23 anos sem ti, 48 anos contigo.
Houve um tempo em que moço bravo feito abria o peito às ideias revolucionárias, mais ou menos revolucionárias - se tiver que ser sincero - mas abraçava as causas - pelo menos até ser hora de jantar, conheceste a minha mãe, sabes que sempre foi chata com as horas de jantar, mesmo depois de homem feito - desfrutava de uma liberdade curiosa de ir ver o mundo. Lembras-te quando queria que nos mudássemos para a França e tu dizias "Mas Manel, e depois como os entendemos? E como arranjo os coentros para fazer açordas, que tu tanto gostas e eu não sei se há coentros na França e a tua mãe está doente e precisa de ti Manel, e agora que o gaiato é pequeno é que queres ir, deixa-o crescer mais um tempo, depois nem fala português nem sabe a que sabem coentros Manel" e sempre gostei do meu nome na tua boca, a forma como dizias "Manel" tinha o carinho dos nossos abraços e não havia tempo nem espaço para abraçar mais nada além de ti e das barrigas que iam crescendo uma depois das outras. 5 filhos, já viste, e 2 até são doutores mas está tudo orientado e todos tem os teus olhos e quando dizem "Pai" também há carinho mas não há os teus olhos a olharem para mim assim, como fazias quando dizias "Hoje não há açorda, não te chega já de pão, pão todos os dias a todas as horas? E vai-te pentear homem, andas sempre despenteado, não te deixei um pente no casão para não andares assim desgrenhado?".
Houve um tempo em que moço bravo abria o peito a sonhar com sítios lá longe, mais longe do que para trás daquele cabeço, até ir ver o mar, e fomos ver o mar os dois, lembras-te, e tu dizias que cheirava estranho e rias descalça com a saia levantada por debaixo do joelho e sempre tiveste uns artelhos lindos, mesmo quando a má circulação não perdoou, mesmo quando se te inchavam as pernas no verão e as artroses te criaram um ritmo novo, e tu dizias "não faz mal Manel, olha para elas que nem roupa trazem, coitadinhas que devem ter frio, com elas ali naquelas coisas tão apertadinhas ninguém me olha os artelhos Manel" e dizias que o som do mar era bonito mas dava vontade de fazer xixi e eu nunca te disse que não há nenhum som mais bonito do que quando te rias e dava vontade de saber todas as histórias engraçadas do mundo para que nunca parasses de te rir.
Houve um tempo em que moço bravo queria ir para a capital, que lá é que há a vida, e fomos à capital e tu vaidosa com um lenço novo ao pescoço e nunca tínhamos vistos tantos carros e as estátuas são muito altas, para que fazem as estátuas tão altas se não dá para as olhar de frente, a da paróquia tem um sorriso triste e um alto estranho numa bochecha e tu dizias que devia ser um abcesso de pedra e eu nunca soube para que pensavas tu sobre aquelas coisas porque as estátuas não tem abcessos nem tristezas, e para que as querias olhar de frente porque desde que pudesse olhar de frente para ti não havia nada mais que eu quisesse ver.

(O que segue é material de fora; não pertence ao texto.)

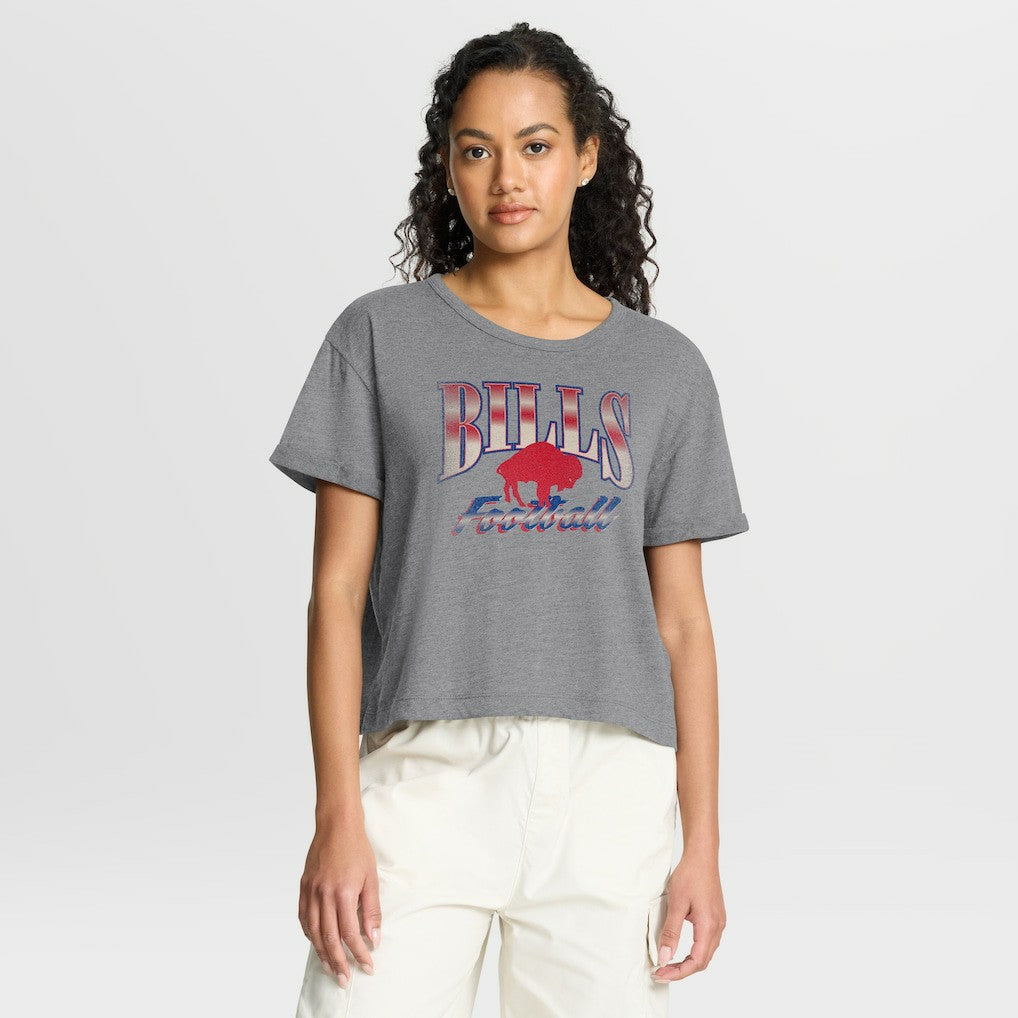Buffalo Bills Women's Overplayed Tribute Tri-Blend Boxy T-Shirt - Heather Gray T-shirts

Houve um tempo em que moço bravo queria fazer coisas e fizemos 48 anos de casamento e tu a cortares os alhos, e tu a cortar cebola, e os teus lenços ainda na gaveta e os nossos filhos que aparecem menos com os olhos iguais aos teus, fizeram-se uns belos moços, sabes que sim, mas eu não sei cortar alhos nem cebolas e escondo-lhes as lágrimas na almofada, que estas coisas não são para se amostrar, o que pensariam, e já sei, que tenho 48 anos para recordar e que fomos felizes dizem eles, mas depois de ti não quero isso, depois de ti não quero muito, as coisas que quero depois de ti é que o mundo se esqueça de mim, que o sol não nos entre pela casa adentro e que os corvos me venham buscar pela janela do nosso quarto durante a próxima madrugada em que não estejas a dormir comigo. Daqui a bocadinho.